There are lots of free-flowing scenes, the beach sequence one of the finest examples (all by camera Vladislav Opeliants), with vodka or beer guzzling, gabbing, and jamming, when indoors often in cluttered, crammed and shabby and clearly nostalgic Soviet collective apartments with high ceilings and glamorous architectural remnants. It's all part of the focus on the mood and the group and the fluidity of the bittersweet, fondly remembered times, when only the fantasy performances are vibrant, but the memories are all peppered with them.

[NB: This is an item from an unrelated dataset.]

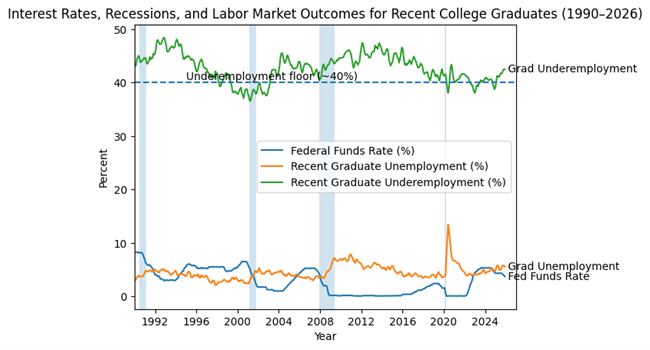 Interest Rates, Recessions and Labor Market Outcomes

Leningrad rock in the Eighties is a kind of house arrest in itself. What can they do, where can they go, "after the Beatles, the Stones, the Doors," asks Mike one day, "Led Zeppelin, the Clash, Joy Division, T-Rex, even Blondie! Not to mention even fucking Amanda Lear." But then to justify provincial limitation he adds the epigrammatic line, "It's OK in the swamp, especially if you're No. 1 toad." There follows a boldly homoerotic cover of 1972 glam rock anthem "All the young dudes." written by David Bowie and first recorded by Mott the Hoople.

The film doesn't strive to depict Viktor's life or the success of his band, called Kino, which led to a period of "Kinomania" and is still admired, though the personal and collective are interwoven. This isn't a world of rock excess, either. Mike and his girlfriend Natacha (Irina Starshenbaum) live a quietly monogamous life, till Natacha negotiates with Mike the right to kiss Viktor, and then it becomes a bit of a love triangle. When the last, small, concert scene comes, with Viktor singing and Mike watching, and the short spans of their lives are flashed on the screen, Viktor's as we said 1962-1990, and Mike's 1955-1991, I wanted to cry. The charm of this scene had been delicately conveyed, and one couldn't bear to imagine it so soon gone. A sublimely restrained, fresh and original film, quite possibly the most memorable musical of the year.

Leto[летом]/Summer, 126 mins., debuted at Cannes May 2018 in Competition; in 22 other international festivals, premiered in Paris June 24, 2018, extremely appreciated with a 4.4 AlloCiné press rating, a very rare top score from Cahiers du Cinéma and 5th highest review from Les Inrocks. US theatrical release began June 7, 2019. Metascore 70%.​​

Kirill Serebrennikov was released from house arrest on April 8, 2019. He had been detained since August 2017 on embezzlement charges that are believed to have been politically motivated.